Das Ergebnis war natürlich das gleiche. Auch diesmal werden sie sehr freundlich darauf aufmerksam gemacht, dass hier kein Schlüssel läge. Kein Problem, beide steigen wieder in den Fahrstuhl.


Ich war gerade in einem anderen Zimmer, so dass ich das weitere Geschehen der nächsten Minuten nur vom Empfang gehört habe. Sie riefen mich an, nachdem sie von Hans und Gerd acht Mal aufgesucht und befragt worden waren! Jedes Mal die exakt gleichen Worte, jedes Mal die exakt gleiche Reaktion. Und das alles völlig friedlich und unaufgeregt.


Freundliche Ablenkung hilft!


Aber natürlich musste das mal ein Ende haben und außerdem war ja Essenszeit. Also schnappte ich mir die beiden und führte sie in unseren Speiseraum. Sobald das Essen auf dem Tisch stand, war der Schlüssel sofort vergessen und kein Thema mehr.


Zum Glück gab es direkt nach dem Essen weiteren Gesprächsstoff!


„Ich gehe jetzt in mein Zimmer, meine Frau wartet dort auf mich!“, so Gerd. „Deine Frau ist doch gar nicht da“, antwortet Hans. Klare Antwort: „Doch! Ich gehe da jetzt hin!“. Hans ist verunsichert “OK, dann komme ich mit, aber dann gehe ich in mein Zimmer, vielleicht ist meine Frau ja auch da!“


Und wieder marschieren die beiden zusammen in Richtung Gerd‘s Zimmer.
„Oh, sie ist doch nicht hier“ sagt Gerd, „vielleicht sind sie ja bei dir!“


Und so kommt es wie es kommen muss. Mehrmals werden die Zimmer gewechselt und jedes Mal mit Erstaunen festgestellt, dass die Damen wohl nicht da sind. Einige Male habe wir die beiden gewähren lassen.

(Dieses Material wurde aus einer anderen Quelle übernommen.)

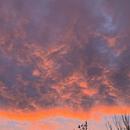 Guibeville 01/12/2025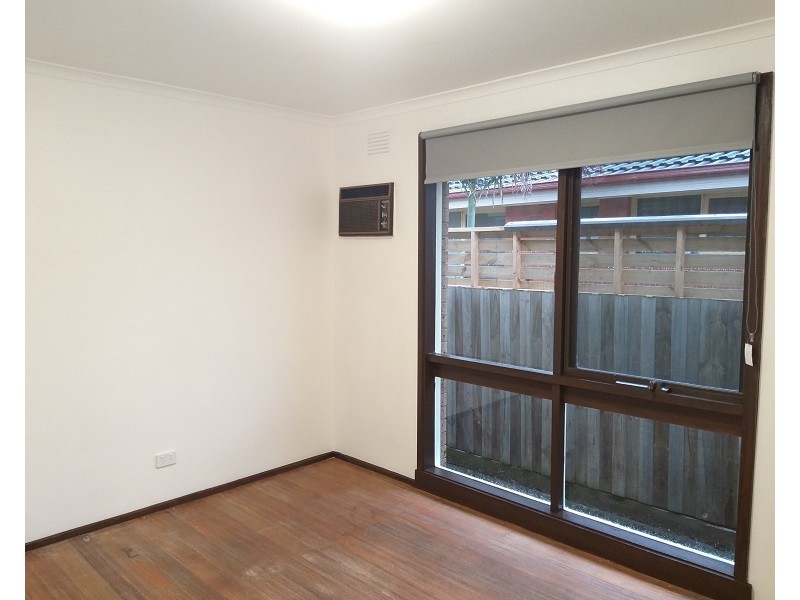 4 Rosewall Place, Clarinda VIC 3169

Wichtig: Akzeptiere die "eigene Welt" der Erkrankten!


In solchen Fällen ist es wichtig, nicht zu schnell dazwischen zu gehen. Es gibt Fälle, bei denen die Erkrankten dann sehr traurig oder manchmal auch aggressiv werden. Denn in ihrer eigenen Welt ist alles OK so wie es ist. Man sollte sie nicht stören. In diesem Moment war genau das das richtige und wichtige für die beiden.


Wenn man denkt, eine Unterbrechung des Tuns sei wichtig, sollte man zumindest eine Alternative bieten. Genau das haben wir dann getan. Wissend, dass beide gerne die Nachrichten schauen, gaben wir den Hinweis, dass es nun soweit sei.
Das hielten die beiden für eine gute Idee du so führten wir sie zum Fernsehraum, wo sie gemütlich den Nachmittag verbringen konnten.